# [WHAT YOU SHOULD DO]
Every record that follows is to be copied exactly, with the pictures omitted.

Short descriptive text snippets:
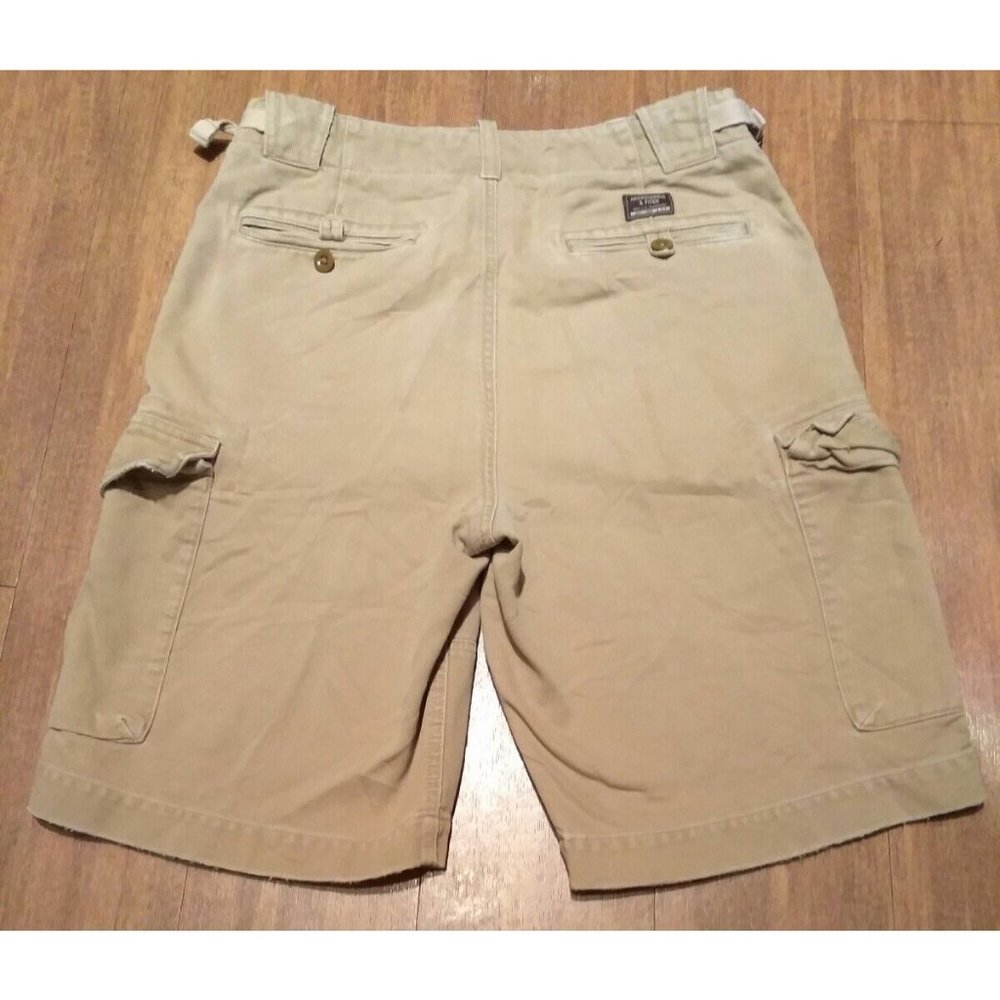 Abercrombie & Fitch Mens Cargo Shorts sz 30 Khaki Brown Textured with Button Fly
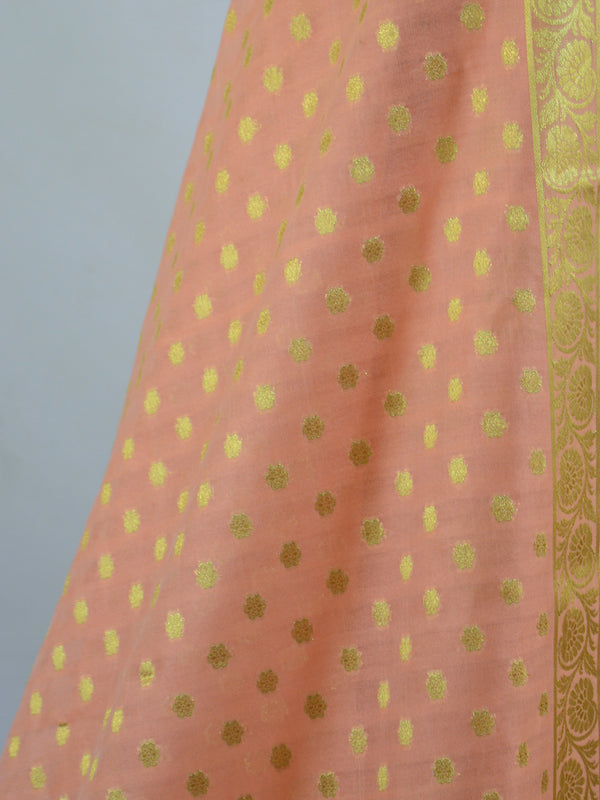 Banarasee Salwar Kameez Cotton Silk Gold Zari Buti Woven Fabric-Coral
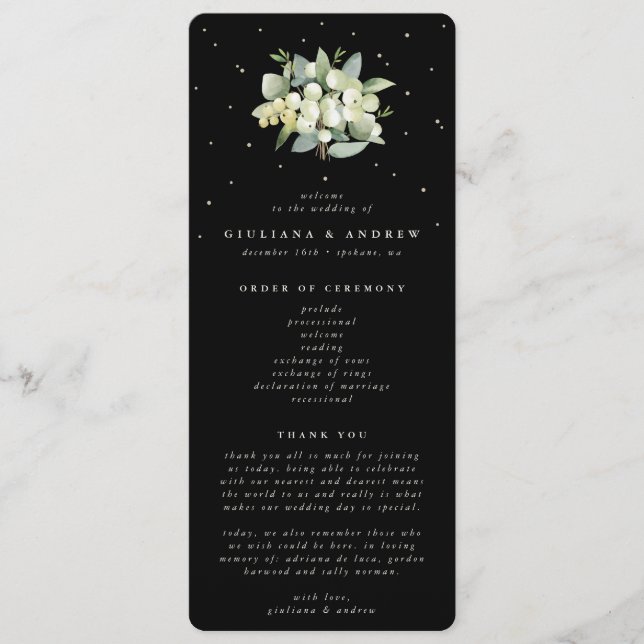 Programa Casamento de Buquê Elegante Black Snowberry+Eucaly (Frente)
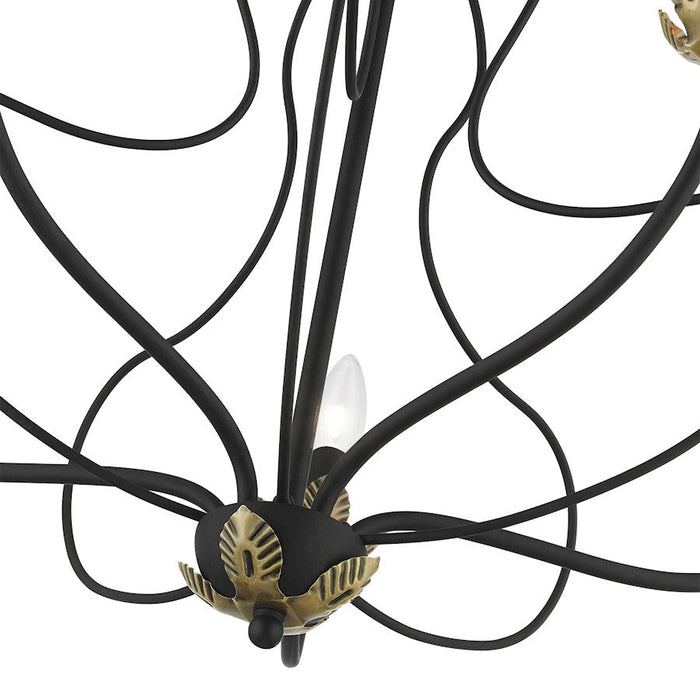 Livex Katarina Chandelier, Black/Brass Accents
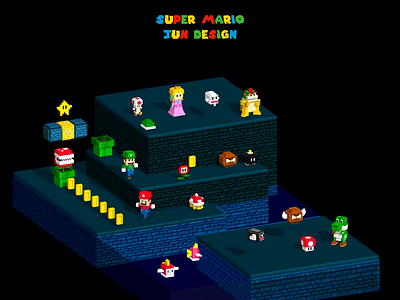 Super Mario underground 3D with Spline - Pixel Art 3d 3d character 3d modeling animation best freelance freelancer game design interaction design mario bros pixel art spline super mario trend ui design underground voxel web design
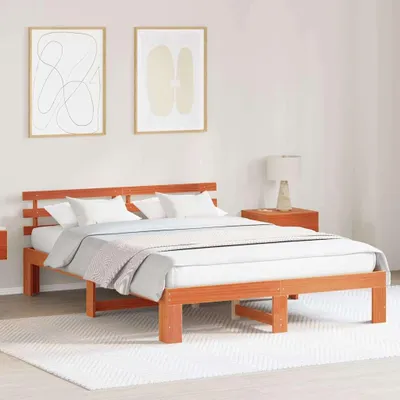 Produktbild von Möbel Bettrahmen Wachsbraun 160 x 200 cm Massives Kiefernholz - Klassische Betten &60501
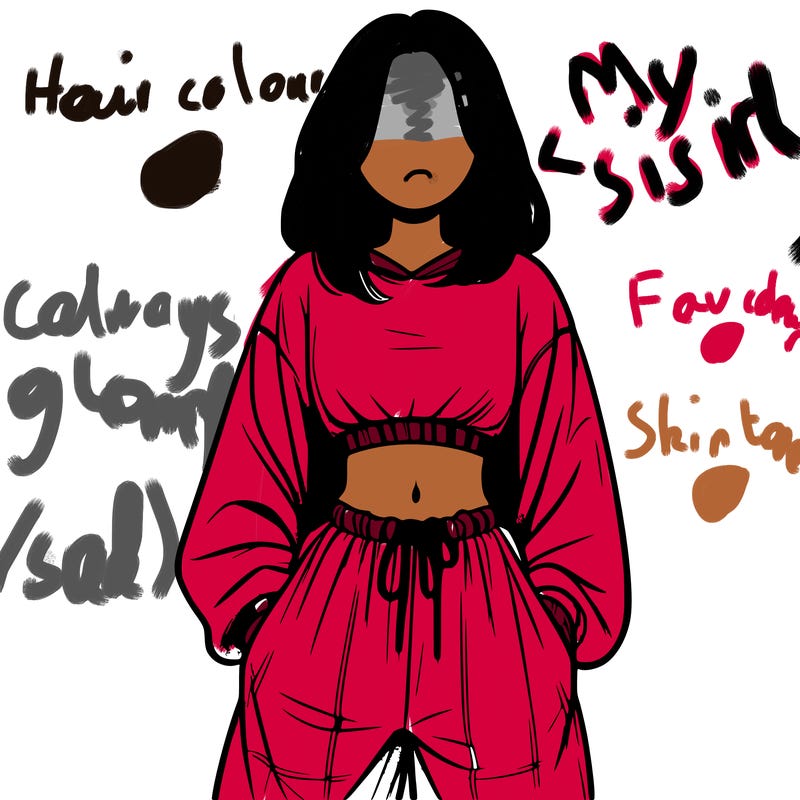 realistic girl faceless with baggy pants and a crop top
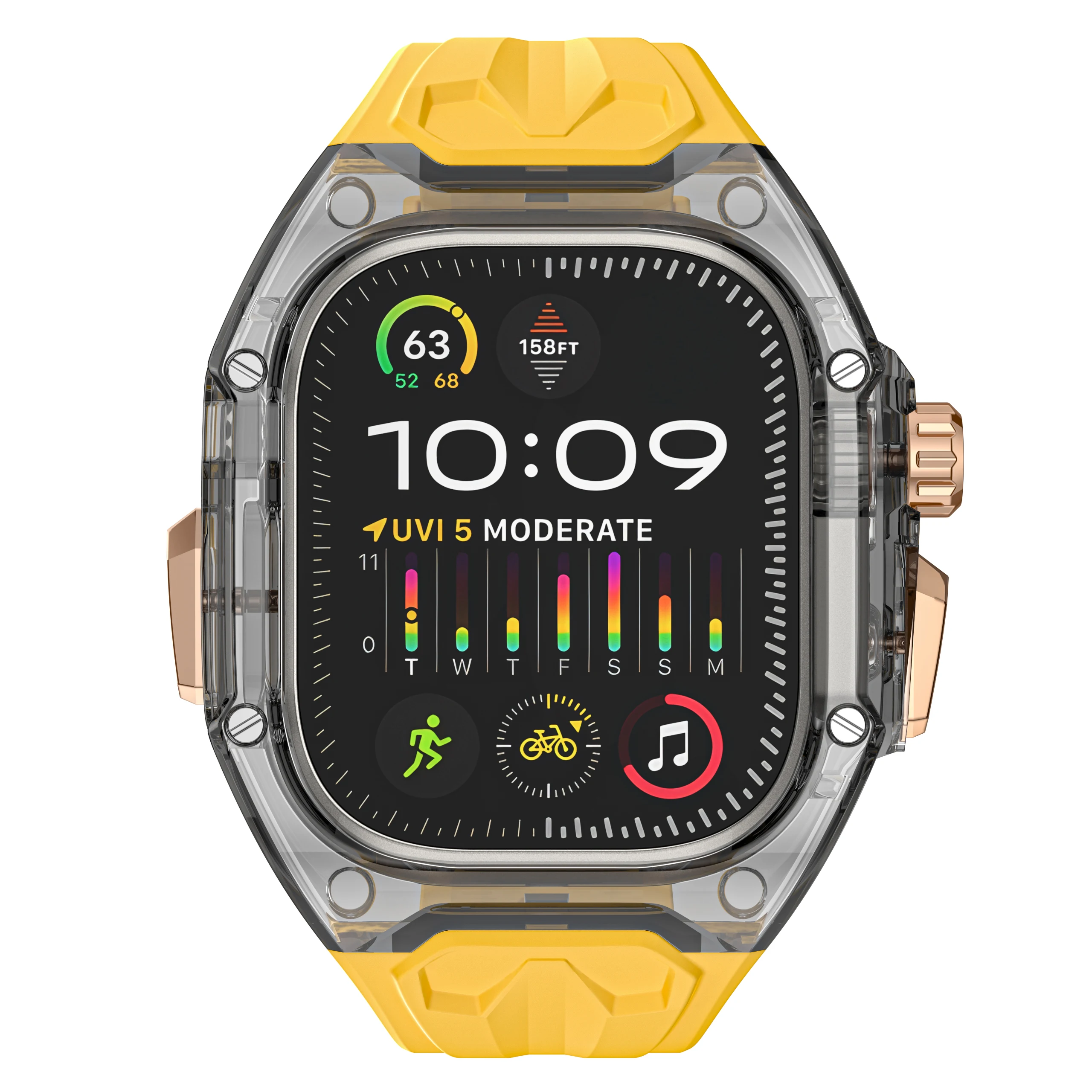 Transparent Mod Kit for Apple Watch Ultra 3 2 49mm 45 44 41mm For IWatch Series 11 10 9 8 7 6 5 4 SE Case Strap DIY Accessories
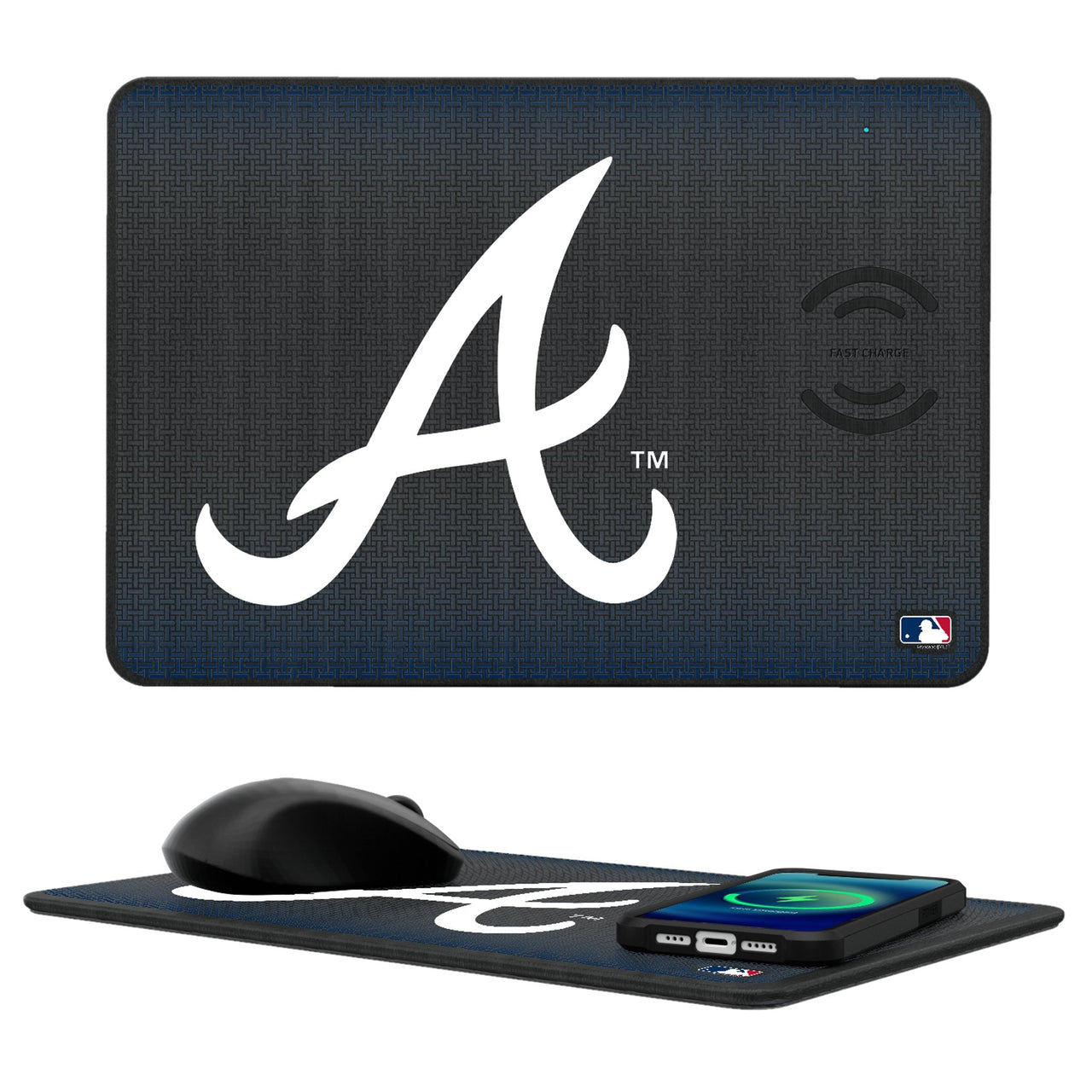 Atlanta Braves Linen 15-Watt Wireless Charger and Mouse Pad-0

# [FINAL ANSWER]
 Abercrombie & Fitch Mens Cargo Shorts sz 30 Khaki Brown Textured with Button Fly
 Banarasee Salwar Kameez Cotton Silk Gold Zari Buti Woven Fabric-Coral
 Programa Casamento de Buquê Elegante Black Snowberry+Eucaly (Frente)
 Livex Katarina Chandelier, Black/Brass Accents
 Super Mario underground 3D with Spline - Pixel Art 3d 3d character 3d modeling animation best freelance freelancer game design interaction design mario bros pixel art spline super mario trend ui design underground voxel web design
 Produktbild von Möbel Bettrahmen Wachsbraun 160 x 200 cm Massives Kiefernholz - Klassische Betten &60501
 realistic girl faceless with baggy pants and a crop top
 Transparent Mod Kit for Apple Watch Ultra 3 2 49mm 45 44 41mm For IWatch Series 11 10 9 8 7 6 5 4 SE Case Strap DIY Accessories
 Atlanta Braves Linen 15-Watt Wireless Charger and Mouse Pad-0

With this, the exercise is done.